Vectorising and Querying XML

26 April, 2004 04:00 PM - 05:30 PM

e-Science Institute, 15 South College Street, , Edinburgh


Dr Dave Berry


Any slides or other material generated as a result of this event can be found at:

Vectorising and Querying XML

Most current implementations of XQuery are either "toy" -- they break
on large documents or they are "fake" -- they are SQL masquerading as
XQuery. We shall describe some recent work on a native XML store and an interpreter for a useful subset of XQuery that scales in the way one would expect of a database query language. Preliminary results on a large-ish (80GB) data set show that the techniques produce performance which is comparable with well-tuned SQL queries running on the same data in a commercial RDBMS.

The technique is based on a combination of two existing ideas. The first is to extend a very old idea of using column-based storage of tabular data to the storage of XML. An XML document is separated into a "skeleton", which describes the structure of the document and a set of "vectors", which are the sequences of data values appearing under all paths bearing a given sequence of tag names. The second idea is to generate a query-friendly compressed version of the skeleton.
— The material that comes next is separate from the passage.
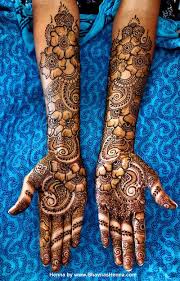 Shivam Mehandi Art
The talk will describe vectorisation, skeleton compression, query evaluation and some preliminary results. It will also include a brief dicussion of issues with XML schematas (small "s".) The work has involved contributions from a substantial fraction of the Database Group at Edinburgh: Peter Buneman, Byron Choi, Wenfei Fan, Rob Hutchison, Bob Mann, and Stratis Viglas. The talk will probably be given by Peter Buneman and Byron Choi.